§ 812 BGB Herausgabeanspruch – Gesetz, Erläuterung, Prüfungsschema – BGB einfach erklärt
§ 812 BGB Herausgabeanspruch: Alles, was Sie wissen müssen. Wann entsteht ein Herausgabeanspruch? Gesetz, Erläuterung, Schema.
§ 812 BGB – Herausgabeanspruch (ungerechtfertigte Bereicherung)
Gesetzestext
(1) Wer durch die Leistung eines anderen oder in sonstiger Weise auf dessen Kosten etwas ohne rechtlichen Grund erlangt, ist ihm zur Herausgabe verpflichtet.

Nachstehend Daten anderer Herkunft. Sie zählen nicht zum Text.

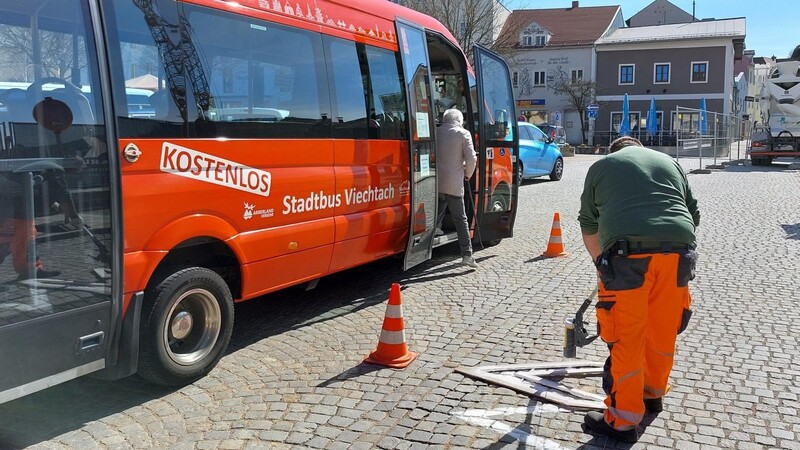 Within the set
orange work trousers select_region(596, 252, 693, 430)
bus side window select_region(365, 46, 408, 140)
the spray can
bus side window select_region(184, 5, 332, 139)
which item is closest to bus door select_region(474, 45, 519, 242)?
bus side window select_region(365, 46, 408, 140)

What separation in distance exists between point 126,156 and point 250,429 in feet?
5.52

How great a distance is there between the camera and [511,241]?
995cm

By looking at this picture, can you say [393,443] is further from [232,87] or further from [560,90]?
[560,90]

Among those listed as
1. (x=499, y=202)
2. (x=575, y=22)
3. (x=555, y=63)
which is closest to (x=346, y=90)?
(x=499, y=202)

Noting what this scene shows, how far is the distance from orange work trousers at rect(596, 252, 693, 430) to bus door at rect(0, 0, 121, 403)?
2.71 m

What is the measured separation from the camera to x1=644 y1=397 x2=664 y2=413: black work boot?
3.88 m

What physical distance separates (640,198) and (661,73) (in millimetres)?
50787

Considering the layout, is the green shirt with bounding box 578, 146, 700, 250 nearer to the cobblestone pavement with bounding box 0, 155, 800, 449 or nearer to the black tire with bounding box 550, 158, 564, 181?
the cobblestone pavement with bounding box 0, 155, 800, 449

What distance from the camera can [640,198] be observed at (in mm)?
3512

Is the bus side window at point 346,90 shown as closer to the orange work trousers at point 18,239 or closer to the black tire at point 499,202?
the orange work trousers at point 18,239

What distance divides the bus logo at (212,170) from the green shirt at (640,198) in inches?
91.0

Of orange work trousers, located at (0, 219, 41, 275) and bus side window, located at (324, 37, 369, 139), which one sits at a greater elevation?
bus side window, located at (324, 37, 369, 139)

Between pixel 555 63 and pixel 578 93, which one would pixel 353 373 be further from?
pixel 555 63

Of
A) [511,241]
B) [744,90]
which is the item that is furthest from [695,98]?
[511,241] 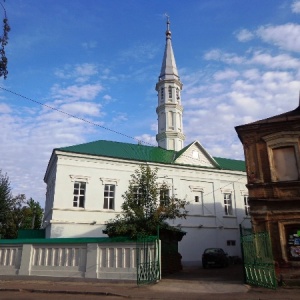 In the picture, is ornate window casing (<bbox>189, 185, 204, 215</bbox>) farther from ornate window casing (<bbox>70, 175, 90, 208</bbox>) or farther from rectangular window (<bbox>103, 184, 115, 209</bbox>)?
ornate window casing (<bbox>70, 175, 90, 208</bbox>)

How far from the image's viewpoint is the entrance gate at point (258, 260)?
13.8 meters

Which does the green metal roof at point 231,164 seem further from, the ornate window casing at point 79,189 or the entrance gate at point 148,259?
the entrance gate at point 148,259

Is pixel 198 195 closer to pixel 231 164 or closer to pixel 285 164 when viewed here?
pixel 231 164

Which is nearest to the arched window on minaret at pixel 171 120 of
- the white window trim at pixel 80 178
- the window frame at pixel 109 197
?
the window frame at pixel 109 197

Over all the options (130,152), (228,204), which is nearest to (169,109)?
(130,152)

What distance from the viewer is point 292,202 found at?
15562 millimetres

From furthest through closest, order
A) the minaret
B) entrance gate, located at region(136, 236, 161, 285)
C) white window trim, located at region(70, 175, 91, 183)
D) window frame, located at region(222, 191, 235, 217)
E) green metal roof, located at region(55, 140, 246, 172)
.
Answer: the minaret < window frame, located at region(222, 191, 235, 217) < green metal roof, located at region(55, 140, 246, 172) < white window trim, located at region(70, 175, 91, 183) < entrance gate, located at region(136, 236, 161, 285)

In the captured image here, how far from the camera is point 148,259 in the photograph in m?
15.4

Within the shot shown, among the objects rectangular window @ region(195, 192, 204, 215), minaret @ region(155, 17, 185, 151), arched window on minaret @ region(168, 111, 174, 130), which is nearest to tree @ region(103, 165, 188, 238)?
rectangular window @ region(195, 192, 204, 215)

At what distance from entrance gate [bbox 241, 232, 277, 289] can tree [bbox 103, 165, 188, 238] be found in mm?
4974

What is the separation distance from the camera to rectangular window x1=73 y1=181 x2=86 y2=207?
27.1 m

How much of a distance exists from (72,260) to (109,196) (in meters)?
11.9

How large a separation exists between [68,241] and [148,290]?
5644 mm

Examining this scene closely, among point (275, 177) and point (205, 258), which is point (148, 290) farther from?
point (205, 258)
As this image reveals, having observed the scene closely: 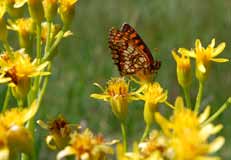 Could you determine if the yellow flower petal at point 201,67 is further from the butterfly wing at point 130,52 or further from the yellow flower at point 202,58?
the butterfly wing at point 130,52

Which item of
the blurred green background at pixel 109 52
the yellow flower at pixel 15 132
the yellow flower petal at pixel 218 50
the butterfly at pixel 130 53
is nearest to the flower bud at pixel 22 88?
the yellow flower at pixel 15 132

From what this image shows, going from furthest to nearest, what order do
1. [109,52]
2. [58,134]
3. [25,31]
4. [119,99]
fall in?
[109,52], [25,31], [119,99], [58,134]

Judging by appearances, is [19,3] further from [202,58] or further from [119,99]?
[202,58]

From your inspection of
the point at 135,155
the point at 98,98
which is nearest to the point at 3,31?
the point at 98,98

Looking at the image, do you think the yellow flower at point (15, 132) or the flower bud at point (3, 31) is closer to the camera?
the yellow flower at point (15, 132)

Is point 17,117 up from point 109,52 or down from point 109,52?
up

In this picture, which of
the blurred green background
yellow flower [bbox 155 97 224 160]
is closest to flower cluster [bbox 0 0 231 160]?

(2) Als rechtlicher Grund gilt insbesondere nicht der Nichteintritt des mit einer Leistung bezweckten Erfolges.
§ 812 BGB – Erklärung
§ 812 Abs. 1 Satz 1 BGB regelt die Rückabwicklung ungerechtfertigter Vermögensverschiebungen. Ein Herausgabeanspruch entsteht immer dann, wenn eine natürliche oder juristische Person durch Leistung eines anderen oder in sonstiger Weise etwas erlangt hat, ohne dass dafür ein Rechtsgrund vorliegt. Der Herausgabeanspruch dient dazu, eine dauerhafte rechtswidrige Bereicherung zu verhindern. Beispiele für „ohne rechtlichen Grund“ sind Zahlungen aufgrund eines Irrtums oder einer fehlerhaften Überweisung. Absatz 2 stellt klar, dass der Zweck einer Leistung als „rechtlicher Grund“ entfällt, wenn der bezweckte Erfolg (z. B. ein Kaufabschluss) ausbleibt.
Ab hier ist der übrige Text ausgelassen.